### [Work instruction]
Write out exactly the lines that run from the one containing "Broccoli in a" to the end of the entries below, with both end lines included.

(Short web captions)
== == ==
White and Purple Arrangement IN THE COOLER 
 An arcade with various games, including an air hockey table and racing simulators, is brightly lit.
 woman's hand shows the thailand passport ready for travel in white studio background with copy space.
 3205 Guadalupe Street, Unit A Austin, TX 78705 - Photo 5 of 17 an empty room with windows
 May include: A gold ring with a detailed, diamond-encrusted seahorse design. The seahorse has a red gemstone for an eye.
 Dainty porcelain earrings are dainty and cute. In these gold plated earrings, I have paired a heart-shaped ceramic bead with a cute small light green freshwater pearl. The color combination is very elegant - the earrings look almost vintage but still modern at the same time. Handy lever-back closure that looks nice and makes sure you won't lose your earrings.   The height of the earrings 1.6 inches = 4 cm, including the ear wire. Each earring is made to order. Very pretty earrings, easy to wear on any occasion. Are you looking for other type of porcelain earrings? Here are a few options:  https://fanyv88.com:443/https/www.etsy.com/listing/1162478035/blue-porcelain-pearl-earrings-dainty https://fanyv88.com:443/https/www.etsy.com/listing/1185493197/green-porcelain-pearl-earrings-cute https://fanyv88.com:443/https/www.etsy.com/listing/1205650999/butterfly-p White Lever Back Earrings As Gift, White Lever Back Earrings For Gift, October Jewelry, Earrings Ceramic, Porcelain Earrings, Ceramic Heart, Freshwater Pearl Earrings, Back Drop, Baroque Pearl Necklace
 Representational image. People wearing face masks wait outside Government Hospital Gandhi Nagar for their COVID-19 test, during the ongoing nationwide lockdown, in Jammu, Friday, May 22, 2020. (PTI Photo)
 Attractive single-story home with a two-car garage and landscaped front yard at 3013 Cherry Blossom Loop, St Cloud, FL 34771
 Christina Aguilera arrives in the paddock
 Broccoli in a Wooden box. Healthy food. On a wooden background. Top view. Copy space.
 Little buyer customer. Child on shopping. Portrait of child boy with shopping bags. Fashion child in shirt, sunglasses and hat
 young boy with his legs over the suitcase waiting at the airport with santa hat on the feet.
== == ==
### [Solution to this exercise]
 Broccoli in a Wooden box. Healthy food. On a wooden background. Top view. Copy space.
 Little buyer customer. Child on shopping. Portrait of child boy with shopping bags. Fashion child in shirt, sunglasses and hat
 young boy with his legs over the suitcase waiting at the airport with santa hat on the feet.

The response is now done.